Mais l'instauration en France d'un confinement aux seuls non vaccinés se heurterait à divers obstacles juridiques. D'abord, le pays n'est plus sous le régime de l'état d'urgence sanitaire, condition première pour mettre en place un confinement ou un couvre-feu. Ainsi, il faudrait au préalable qu'Emmanuel Macron décrète un retour à l'état d'urgence sanitaire et que le Parlement le valide. Par ailleurs, quand bien même ce statut serait à nouveau instauré, il n'octroie pas tous les droits. Spécialiste du droit constitutionnel, Jean-Philippe Derosier avait précisé auprès de BFM TV en novembre : "Je ne pense pas que l'on puisse prendre des mesures différenciées en fonction du statut vaccinal, car la seule différenciation que permet l'état d'urgence sanitaire est territoriale." C'est pour cette raison qu'un confinement des personnes âgées n'a jamais été instauré.

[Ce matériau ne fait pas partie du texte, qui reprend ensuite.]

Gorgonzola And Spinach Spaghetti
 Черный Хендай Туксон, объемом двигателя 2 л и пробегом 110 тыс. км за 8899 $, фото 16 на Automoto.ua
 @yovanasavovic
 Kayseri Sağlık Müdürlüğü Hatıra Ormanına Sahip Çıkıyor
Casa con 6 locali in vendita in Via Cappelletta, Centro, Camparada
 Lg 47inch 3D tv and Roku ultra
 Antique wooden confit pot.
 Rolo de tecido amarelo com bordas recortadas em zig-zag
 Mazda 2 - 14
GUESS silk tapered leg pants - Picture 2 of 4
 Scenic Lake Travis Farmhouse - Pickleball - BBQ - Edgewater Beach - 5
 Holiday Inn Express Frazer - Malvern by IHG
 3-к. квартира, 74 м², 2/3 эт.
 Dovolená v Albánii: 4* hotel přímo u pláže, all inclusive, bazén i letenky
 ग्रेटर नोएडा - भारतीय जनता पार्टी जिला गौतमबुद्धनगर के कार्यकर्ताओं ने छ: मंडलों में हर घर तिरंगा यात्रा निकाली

Même si François Saint-Bonnet, professeur à l'Université Panthéon-Assas et spécialiste en droit des libertés fondamentales, a estimé dans Le Figaro que "si des données épidémiologiques précises et objectives sont fournies, je ne vois pas ce qui pourrait y faire obstacle" et que "dès lors que des recommandations médicales auront parfaitement identifié que les non vaccinés posent davantage de risque au niveau collectif que les autres, rien n'empêchera la conformité à la Constitution", le confinement des personnes non-vaccinées en France ne devrait donc pas être mis en place. D'autant plus à quelques mois de la présidentielle, dans un contexte d'importantes crispations que connaît déjà le pays.